- _Source data_
——————————

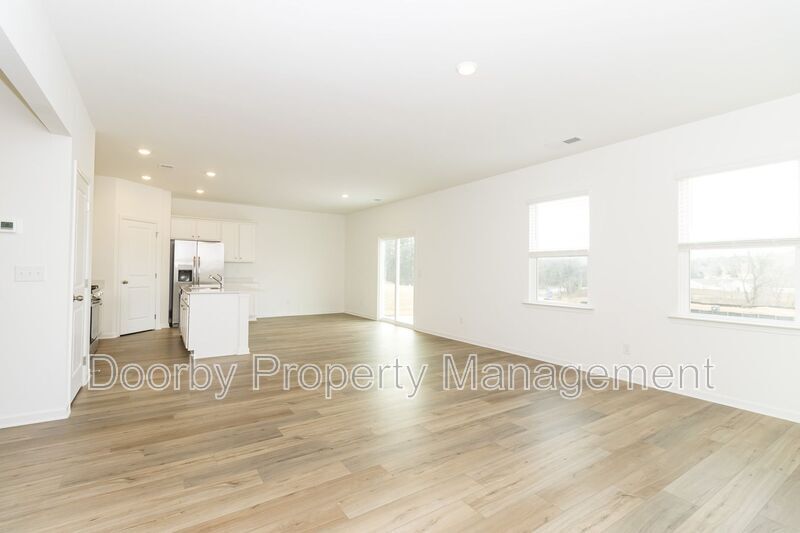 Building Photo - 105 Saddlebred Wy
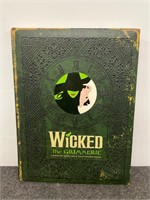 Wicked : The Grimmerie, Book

——————————

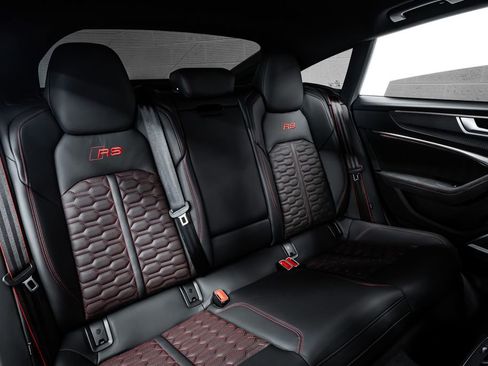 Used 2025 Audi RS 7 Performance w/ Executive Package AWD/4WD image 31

——————————

- _Assignment_
Each line from the one that contains "Building Photo - 105 Saddlebred Wy" down to the one that contains "Wicked : The Grimmerie, Book" is to be returned exactly as it stands above, both ends included, with pictures removed.

- _Task answer_
 Building Photo - 105 Saddlebred Wy
 Wicked : The Grimmerie, Book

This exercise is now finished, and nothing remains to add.